Visualization Module

Comprehensive ML visualization toolkit with interactive dashboards, model analysis, and real-time monitoring capabilities.

Overview

The Visualization module provides comprehensive tools for data exploration, model analysis, and interactive dashboard creation. It supports both static plots and interactive visualizations.

Basic Usage

from ai_ml_framework.visualization import MLVisualizer

visualizer = MLVisualizer()
visualizer.plot_data_overview(df)
visualizer.plot_model_comparison(results)

Interactive Dashboard

from ai_ml_framework.visualization import DashboardBuilder

dashboard = DashboardBuilder()
dashboard.create_data_exploration_dashboard(df)
dashboard.run_dashboard()

MLVisualizer

class MLVisualizer(style: str = 'seaborn-v0_8', figsize: Tuple[int, int] = (12, 8))

Comprehensive ML visualization toolkit.

Key Features

  • Data exploration plots
  • Model comparison charts
  • Performance metrics visualization
  • Feature importance plots
  • Learning curves

Methods

plot_data_overview(df: pd.DataFrame, save_path: str = None)

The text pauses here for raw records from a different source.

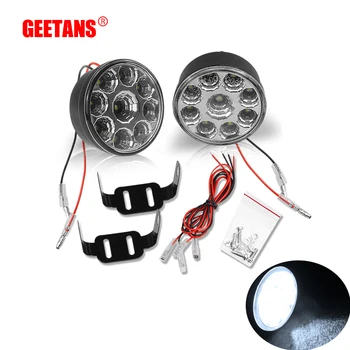 

GEETANS 2PCS 9 LED Daytime Running Light Waterproof Round Fog Light LED Auto DRL 9W 12V White DIY for All Cars CE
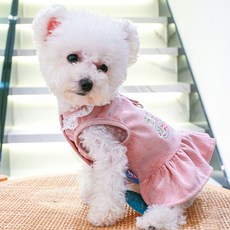 봄/여름 야옹 강아지 중/소형견 의류 테디독 편안하게 귀 여운 프린세스 드레스 원피스 치마 외출 산책 연결 가능 견인줄, Pink, 1개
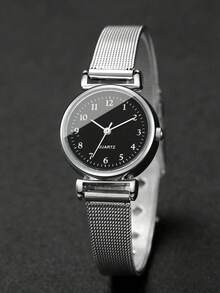 4pcs Women's Elegant Quartz Watch Set (Including Silver Mesh Band Black Dial Quartz Watch, Full Diamond Silver Bracelet, Single Diamond Necklace, Single Diamond Ring And Earrings) - Silver - View 6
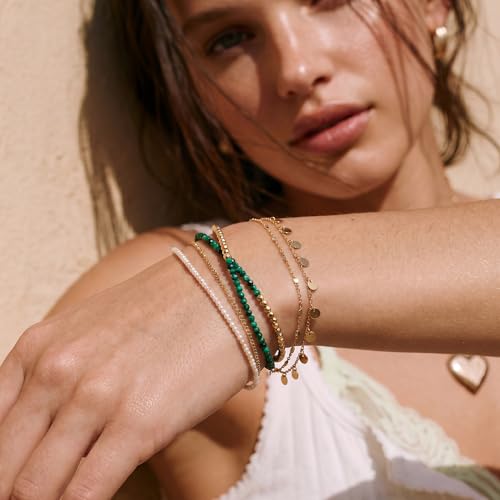 Fettero Beaded Bracelets for Women Charm Natural Stone Handmade Beads White Gold Plated Dainty Gold Bracelets Non Tarnish Boho Summer Beach Vacation Jewelry - color: Green Maq-Layered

Create comprehensive data overview visualization.

Parameters:
  • df: Input DataFrame
  • save_path: Path to save plot
plot_model_comparison(model_results: Dict[str, Dict[str, float]], metric: str = 'accuracy', save_path: str = None)

Compare multiple models performance.

Parameters:
  • model_results: Model results dictionary
  • metric: Metric to compare
  • save_path: Path to save plot
plot_feature_importance(model: Any, feature_names: List[str], save_path: str = None)

Plot feature importance.

Parameters:
  • model: Trained model
  • feature_names: Feature names
  • save_path: Path to save plot
plot_learning_curve(model: Any, X: pd.DataFrame, y: pd.Series, save_path: str = None)

Plot learning curve.

Parameters:
  • model: Model to evaluate
  • X: Feature matrix
  • y: Target vector
  • save_path: Path to save plot

DashboardBuilder

class DashboardBuilder(title: str = "ML Dashboard", layout: str = "wide")

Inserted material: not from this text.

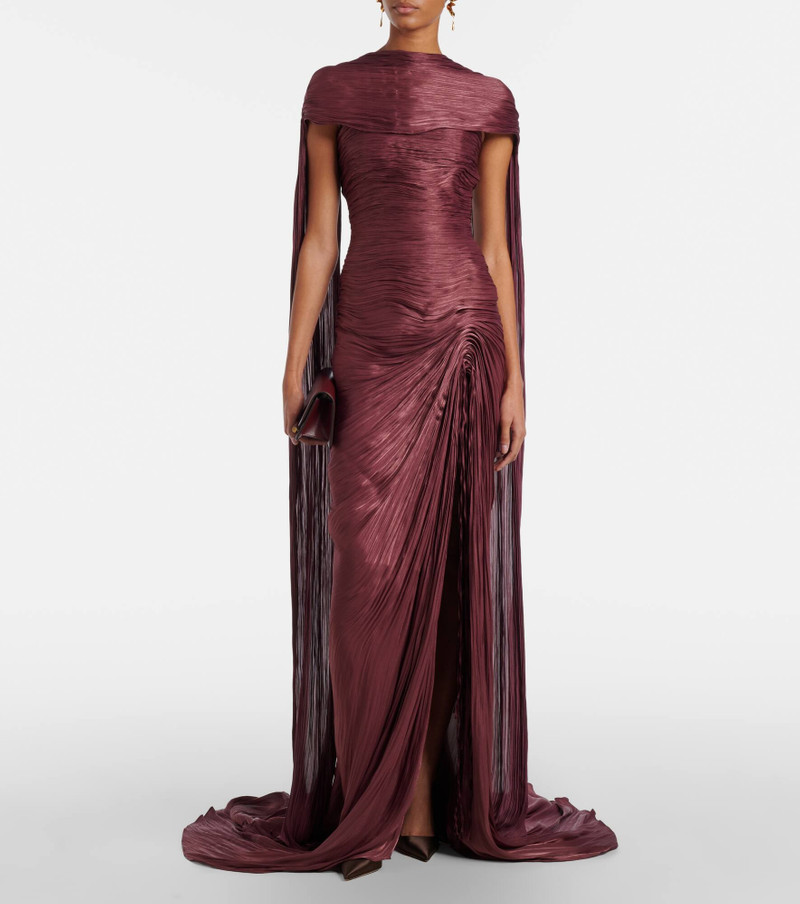 MARMAR HALIM Draped pleated scarf-detail gown outlook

Interactive dashboard builder for ML experiments.

Key Features

  • Streamlit integration
  • Real-time monitoring
  • Interactive charts
  • Multi-tab layouts
  • Custom widgets

Methods

create_data_exploration_dashboard(df: pd.DataFrame)

Create data exploration dashboard.

Parameters:
  • df: Input DataFrame
create_model_evaluation_dashboard(models: Dict[str, Any], X: pd.DataFrame, y: pd.Series)

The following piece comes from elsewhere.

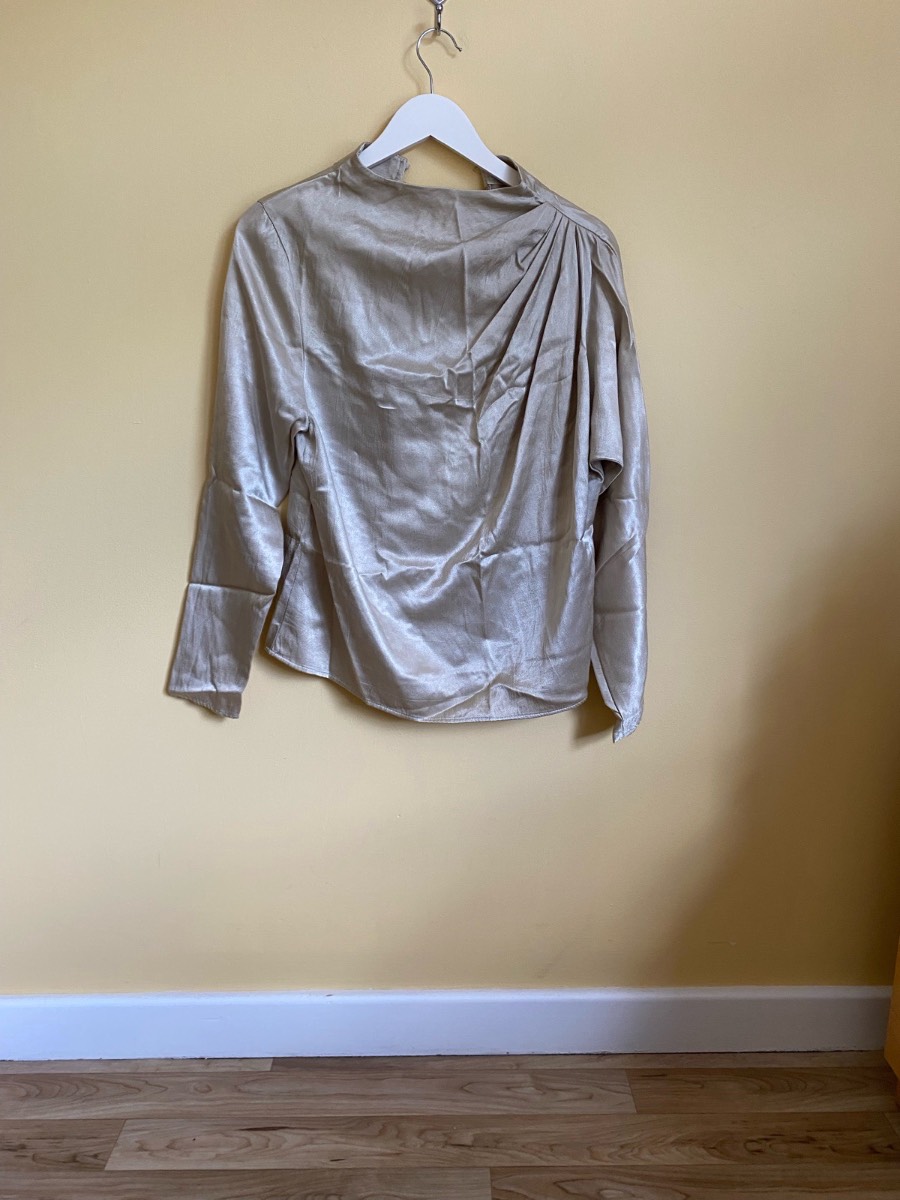 Warehouse Champagne Gold Satin Drape High-Neck Blouse (Size UK 10)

Create model evaluation dashboard.

Parameters:
  • models: Dictionary of trained models
  • X: Feature matrix
  • y: Target vector
run_dashboard(dashboard_type: str = "experiment", **kwargs)

Run the dashboard.

Parameters:
  • dashboard_type: Type of dashboard
  • **kwargs: Additional arguments

Examples

Data Visualization

python
from ai_ml_framework.visualization import MLVisualizer
import pandas as pd

# Load data
df = pd.read_csv('your_data.csv')

# Create visualizer
visualizer = MLVisualizer(style='seaborn-v0_8', figsize=(12, 8))

# Data overview
visualizer.plot_data_overview(df, save_path='data_overview.png')

# Distribution plots
visualizer.plot_distributions(df, save_path='distributions.png')

# Correlation heatmap
visualizer.plot_correlation_matrix(df, save_path='correlation.png')

# Missing values analysis
visualizer.plot_missing_values(df, save_path='missing_values.png')

# Outlier detection
visualizer.plot_outliers(df, save_path='outliers.png')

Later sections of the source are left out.